IN OUR DISCUSSIONS OF CONDITIONING and extinction, we referred primarily to those procedures in which a reinforcement was given every time the organism responded. This procedure is called conditioning with regular or continuous reinforcement. If we stop to think for a moment, we realize that a vast amount of our behavior is maintained not through regular reinforcement but by means of some intermittent or partial reinforcement. Sometimes the reinforcement comes at given intervals in time, regular or irregular, or it may depend on how many responses the organism makes. Requests are not always granted; phone calls are not always answered; automobiles do not always start the first time we turn on the ignition; and we do not always win at' sports or cards. Every effort in our work does not meet with the approval of our superiors, and each entertainment is not always worth our time.

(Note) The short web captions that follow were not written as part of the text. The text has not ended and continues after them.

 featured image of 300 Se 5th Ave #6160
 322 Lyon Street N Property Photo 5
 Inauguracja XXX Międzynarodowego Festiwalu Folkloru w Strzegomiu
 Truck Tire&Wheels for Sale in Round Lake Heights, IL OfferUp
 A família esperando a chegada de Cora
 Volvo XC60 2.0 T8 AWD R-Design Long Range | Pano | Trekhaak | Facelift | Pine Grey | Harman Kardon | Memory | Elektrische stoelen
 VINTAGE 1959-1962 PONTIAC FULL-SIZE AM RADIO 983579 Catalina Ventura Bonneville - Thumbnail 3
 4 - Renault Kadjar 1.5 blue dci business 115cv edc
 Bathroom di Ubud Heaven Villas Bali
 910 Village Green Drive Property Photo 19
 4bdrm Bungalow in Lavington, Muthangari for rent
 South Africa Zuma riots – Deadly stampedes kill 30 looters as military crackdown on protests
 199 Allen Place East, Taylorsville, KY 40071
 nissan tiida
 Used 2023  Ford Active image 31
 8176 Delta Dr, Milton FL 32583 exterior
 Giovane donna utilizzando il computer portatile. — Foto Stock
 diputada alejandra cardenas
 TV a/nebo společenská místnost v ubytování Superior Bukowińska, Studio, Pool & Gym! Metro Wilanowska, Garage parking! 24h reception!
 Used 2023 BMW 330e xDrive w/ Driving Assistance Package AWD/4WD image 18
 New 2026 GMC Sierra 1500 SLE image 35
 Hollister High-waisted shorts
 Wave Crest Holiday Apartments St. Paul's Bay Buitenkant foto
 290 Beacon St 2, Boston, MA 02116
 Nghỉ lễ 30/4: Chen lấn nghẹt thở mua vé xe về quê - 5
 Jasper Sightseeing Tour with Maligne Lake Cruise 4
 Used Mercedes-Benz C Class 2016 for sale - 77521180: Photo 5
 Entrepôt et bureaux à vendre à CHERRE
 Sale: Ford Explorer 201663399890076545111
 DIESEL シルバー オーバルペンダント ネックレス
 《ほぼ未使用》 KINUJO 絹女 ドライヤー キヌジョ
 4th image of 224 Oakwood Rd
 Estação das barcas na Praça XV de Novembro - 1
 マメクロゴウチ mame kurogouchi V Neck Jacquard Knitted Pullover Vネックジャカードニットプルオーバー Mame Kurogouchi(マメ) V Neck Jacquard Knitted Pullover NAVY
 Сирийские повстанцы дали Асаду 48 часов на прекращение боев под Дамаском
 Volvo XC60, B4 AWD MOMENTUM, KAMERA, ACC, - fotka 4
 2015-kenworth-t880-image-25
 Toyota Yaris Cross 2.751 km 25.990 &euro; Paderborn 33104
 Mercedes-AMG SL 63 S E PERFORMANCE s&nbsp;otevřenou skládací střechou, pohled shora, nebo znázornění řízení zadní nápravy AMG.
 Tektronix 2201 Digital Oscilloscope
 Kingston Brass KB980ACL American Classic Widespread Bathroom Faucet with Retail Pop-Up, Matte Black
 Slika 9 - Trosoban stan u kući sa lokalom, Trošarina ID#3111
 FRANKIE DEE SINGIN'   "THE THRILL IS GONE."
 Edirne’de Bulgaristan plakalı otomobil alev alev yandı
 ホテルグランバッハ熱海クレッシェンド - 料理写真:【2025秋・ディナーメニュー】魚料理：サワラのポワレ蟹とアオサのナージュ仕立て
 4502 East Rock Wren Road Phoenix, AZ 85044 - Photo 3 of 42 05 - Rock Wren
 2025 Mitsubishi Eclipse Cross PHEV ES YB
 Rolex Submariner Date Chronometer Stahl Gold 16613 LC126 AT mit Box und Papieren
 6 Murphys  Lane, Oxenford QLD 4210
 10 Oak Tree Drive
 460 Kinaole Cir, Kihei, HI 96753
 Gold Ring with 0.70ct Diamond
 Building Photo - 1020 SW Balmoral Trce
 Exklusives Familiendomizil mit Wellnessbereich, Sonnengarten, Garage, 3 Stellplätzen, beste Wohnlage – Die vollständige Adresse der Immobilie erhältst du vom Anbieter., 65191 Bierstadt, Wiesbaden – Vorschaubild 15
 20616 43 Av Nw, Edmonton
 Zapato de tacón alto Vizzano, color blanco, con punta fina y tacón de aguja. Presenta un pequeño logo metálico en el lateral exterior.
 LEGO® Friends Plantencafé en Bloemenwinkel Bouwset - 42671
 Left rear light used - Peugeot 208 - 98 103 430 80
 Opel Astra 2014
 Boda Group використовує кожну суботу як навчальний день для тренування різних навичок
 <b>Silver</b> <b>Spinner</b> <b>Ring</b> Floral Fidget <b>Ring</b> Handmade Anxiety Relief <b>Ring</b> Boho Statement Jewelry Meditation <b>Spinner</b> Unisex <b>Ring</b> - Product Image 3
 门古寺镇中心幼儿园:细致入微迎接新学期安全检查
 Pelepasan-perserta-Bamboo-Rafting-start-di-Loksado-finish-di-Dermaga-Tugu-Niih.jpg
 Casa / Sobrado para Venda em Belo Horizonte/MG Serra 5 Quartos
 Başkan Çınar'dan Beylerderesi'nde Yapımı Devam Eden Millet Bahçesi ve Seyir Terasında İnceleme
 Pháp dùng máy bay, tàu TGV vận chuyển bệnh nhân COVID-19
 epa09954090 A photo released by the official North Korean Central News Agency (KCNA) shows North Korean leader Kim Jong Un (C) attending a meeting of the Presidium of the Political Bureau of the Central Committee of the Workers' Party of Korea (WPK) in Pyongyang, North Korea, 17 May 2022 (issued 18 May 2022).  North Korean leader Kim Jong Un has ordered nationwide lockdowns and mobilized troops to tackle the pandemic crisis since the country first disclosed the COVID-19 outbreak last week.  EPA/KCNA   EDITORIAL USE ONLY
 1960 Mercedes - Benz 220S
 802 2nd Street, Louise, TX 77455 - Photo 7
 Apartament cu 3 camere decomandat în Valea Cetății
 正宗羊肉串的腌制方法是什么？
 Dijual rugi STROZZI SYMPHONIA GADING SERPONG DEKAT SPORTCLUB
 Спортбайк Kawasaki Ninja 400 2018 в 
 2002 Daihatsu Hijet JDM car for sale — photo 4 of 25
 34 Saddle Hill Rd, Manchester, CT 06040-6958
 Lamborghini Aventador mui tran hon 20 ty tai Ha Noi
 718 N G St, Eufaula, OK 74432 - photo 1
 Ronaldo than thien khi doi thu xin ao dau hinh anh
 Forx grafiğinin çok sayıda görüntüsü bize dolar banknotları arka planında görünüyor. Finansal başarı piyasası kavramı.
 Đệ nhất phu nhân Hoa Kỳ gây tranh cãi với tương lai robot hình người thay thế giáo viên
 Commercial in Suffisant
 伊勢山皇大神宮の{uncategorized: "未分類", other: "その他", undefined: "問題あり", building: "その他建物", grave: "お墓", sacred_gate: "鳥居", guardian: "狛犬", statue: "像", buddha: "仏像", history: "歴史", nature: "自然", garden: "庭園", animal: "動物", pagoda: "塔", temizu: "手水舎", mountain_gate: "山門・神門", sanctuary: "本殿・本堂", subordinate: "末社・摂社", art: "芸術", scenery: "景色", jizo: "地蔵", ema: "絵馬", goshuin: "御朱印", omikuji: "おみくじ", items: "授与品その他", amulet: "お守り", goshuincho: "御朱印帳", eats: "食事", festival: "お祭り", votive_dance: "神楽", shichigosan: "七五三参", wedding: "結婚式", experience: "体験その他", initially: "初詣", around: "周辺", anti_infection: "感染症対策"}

Lectures in class are sometimes dull, and dining hall food is occasionally tasteless.

Nevertheless, by skillful manipulations of the schedules used in applying reinforcement, it is possible to "get a good deal more out of a person" than one puts in by way of reinforcements. When reinforcement is applied on some basis other than a continuous one, it is referred to as an intermittent or partial schedule. Intermittent reinforcement has been carefully studied by psychologists, using both humans and animals as subjects under experimental conditions, so at this point some rather well-established principles are available, both with regard to the characteristics of the behavior maintained by the schedule and the extinction following it. We shall examine some of the general characteristics of a variety of the most common schedules and then see how they apply to the operation and development of our individual behavior.

Fixed-Interval Schedules

This kind of schedule has been one of the most widely studied. The general characteristics of behavior emitted under it were carefully examined in one of Skinner's earlier works.1 More recently, Ferster and Skinner2 in their monumental volume, Schedules of Reinforcement, devote a little under 200 pages to the study of this schedule alone.

In a fixed-interval schedule (abbreviated FI) the reinforcement is presented for the first response that occurs after a prescribed time. For example, if we were conditioning a rat under a FI schedule of 1 minute, we would reward him for the first response he made after 1 minute had passed, then reset our timer and reinforce for the first responses after the next minute, and so on. Intervals can vary from a few seconds to hours, days, weeks, or months, depending on the conditions and subjects used. An organism can respond often or infrequently during the interval and still get the maximum payoff if he responds only immediately after the interval has passed.

By using animals as subjects, a number of principles have been developed which characterize this schedule. In the beginning of conditioning on an FI schedule, the organism exhibits a series of small extinction curves between reinforcements, beginning with rapid response immediately after the reinforcement and followed by a slowdown prior to the next reinforcement. As a greater resistance to extinction develops, the rate becomes higher and more regular until a third stage is reached in which the organism begins to develop a time discrimination. This is based on the fact that a response which closely follows the one reinforced is never paid off. As the discrimination is built up, the behavior is characterized by a period of little or no response after reinforcement, followed by an acceleration of rate until the time for the next reinforcement is reached.3 This can be illustrated by reference to Figure 4-1. Of course, if the interval between reinforcements happens to be a very long one, it may not be possible for such a discrimination to develop. In this type of responding, it appears that the organism is being made to "tell time." To facilitate this time-telling behavior, Skinner4 has added the use of an external stimulus called a clock (see Figure 4-2). In his experiments1 when pigeons pecked a key on an FI schedule, a small spot of light was shown in front of the animal. As the spot became larger, the time for the next reinforcement approached. At the point when the spot had reached its maximum size, the reinforcement was presented. Through this device the gradients of responding were made extremely sharp. Eventually the pigeon's behavior could be controlled to the degree that no pecking occurred in the first 7 or 8 minutes of a 10-minute fixed-interval period. The clocks could be made to run fast or slow or even backwards. In the latter case, reinforcement was given in initial training when the "clock" was at maximal size. Then the experimental conditions were reversed and reinforcement presented when the dot was smallest. In this case the original discrimination broke down, and the rate became more regular until the new discrimination was formed.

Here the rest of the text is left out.